● Problem description
The entries below contain a line with "Платья вечерние…" and a line with "1105 Dutch Ridge Rd, Guysville, OH 45735". Quote exactly those two lines and all lines between them.
----- Given records -----
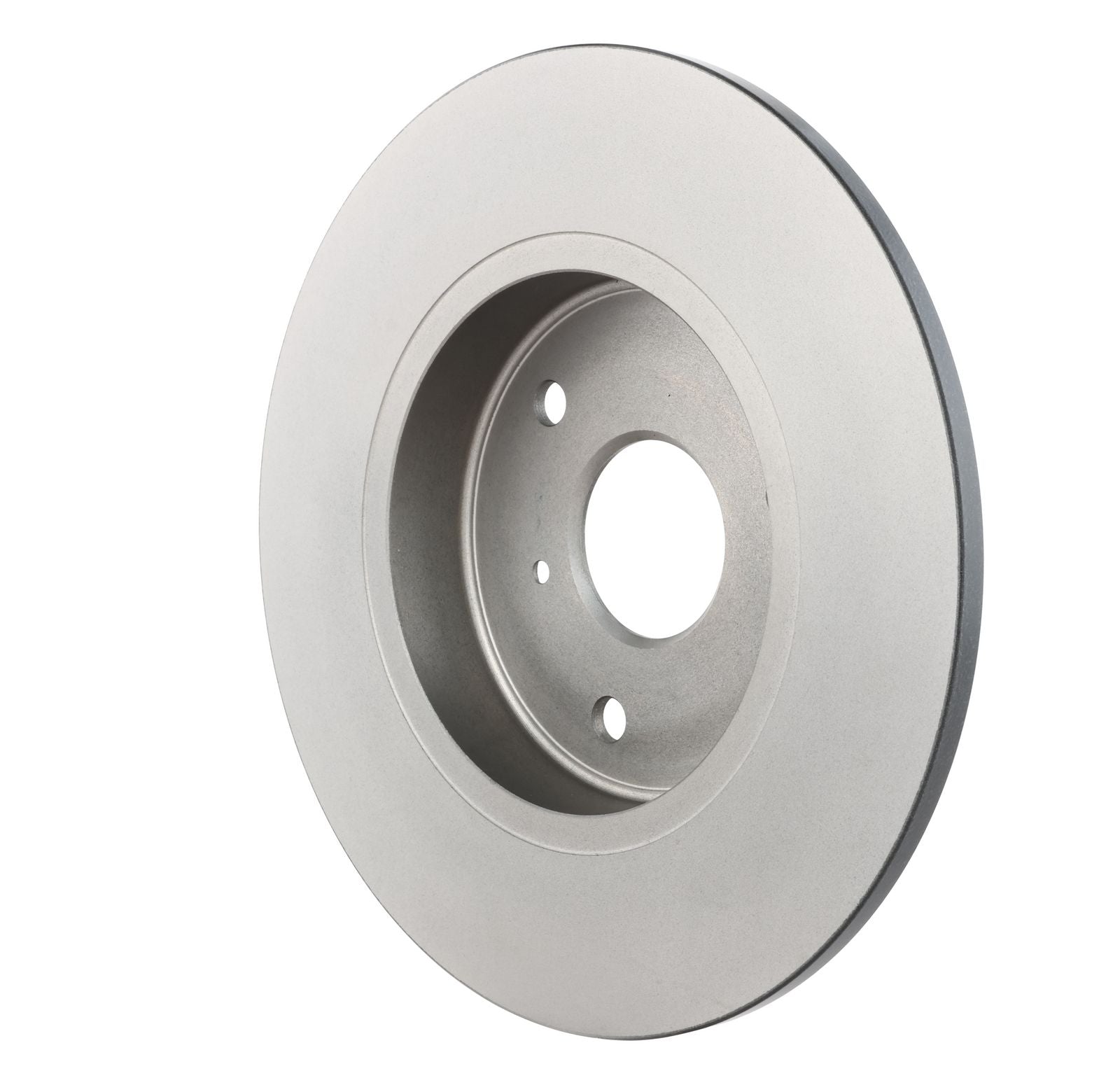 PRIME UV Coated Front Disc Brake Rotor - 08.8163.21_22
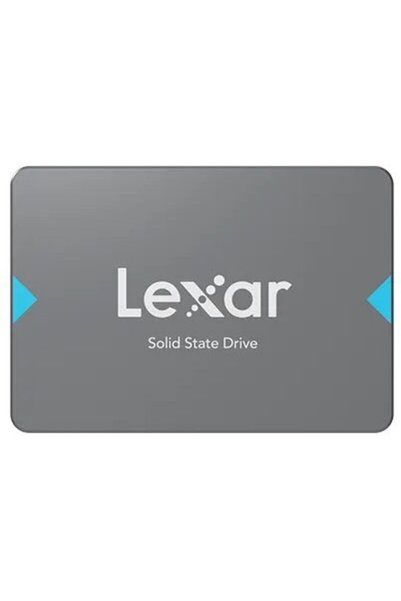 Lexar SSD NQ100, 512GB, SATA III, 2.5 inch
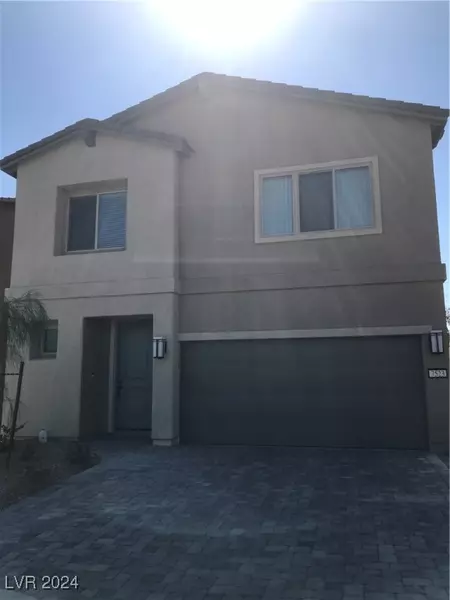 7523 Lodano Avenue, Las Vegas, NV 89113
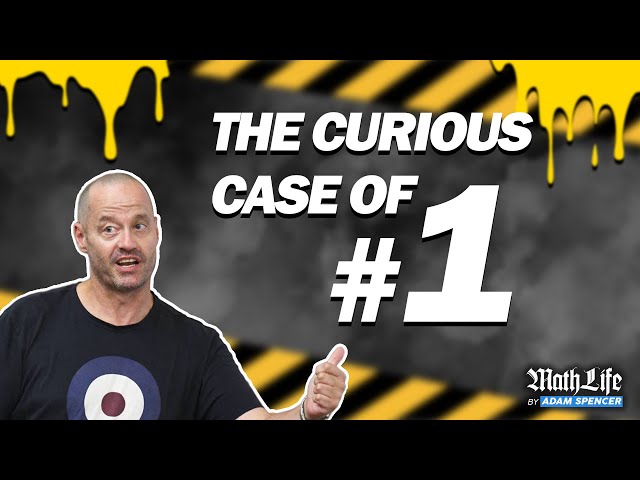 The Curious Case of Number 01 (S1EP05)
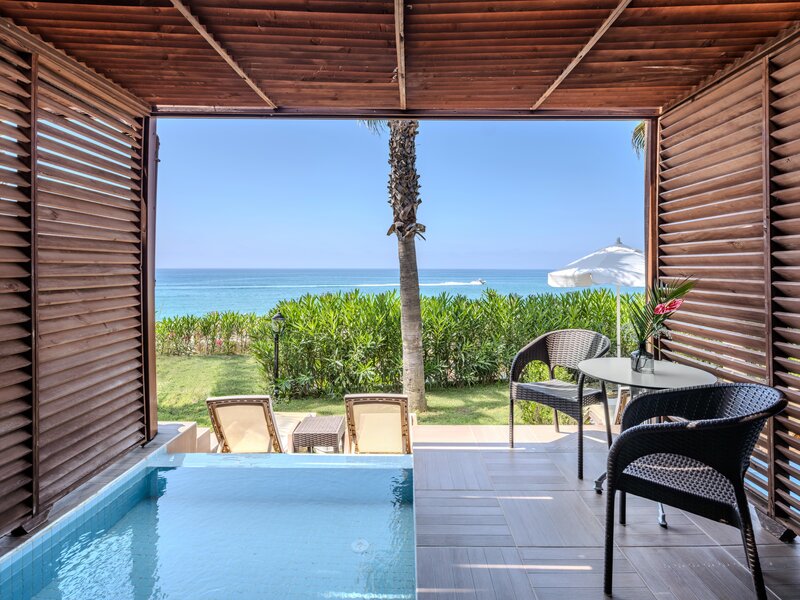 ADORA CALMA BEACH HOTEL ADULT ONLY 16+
-----
----- Given records -----
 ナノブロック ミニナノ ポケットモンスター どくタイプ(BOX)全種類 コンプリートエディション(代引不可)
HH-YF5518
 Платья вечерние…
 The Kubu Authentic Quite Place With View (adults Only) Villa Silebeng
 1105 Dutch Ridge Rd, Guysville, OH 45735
-----
----- Given records -----
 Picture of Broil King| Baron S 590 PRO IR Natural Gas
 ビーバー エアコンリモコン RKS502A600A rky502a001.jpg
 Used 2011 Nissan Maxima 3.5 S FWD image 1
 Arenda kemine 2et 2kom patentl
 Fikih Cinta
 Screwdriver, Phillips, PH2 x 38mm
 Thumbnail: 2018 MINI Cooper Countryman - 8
-----
● Response box
 Платья вечерние…
 The Kubu Authentic Quite Place With View (adults Only) Villa Silebeng
 1105 Dutch Ridge Rd, Guysville, OH 45735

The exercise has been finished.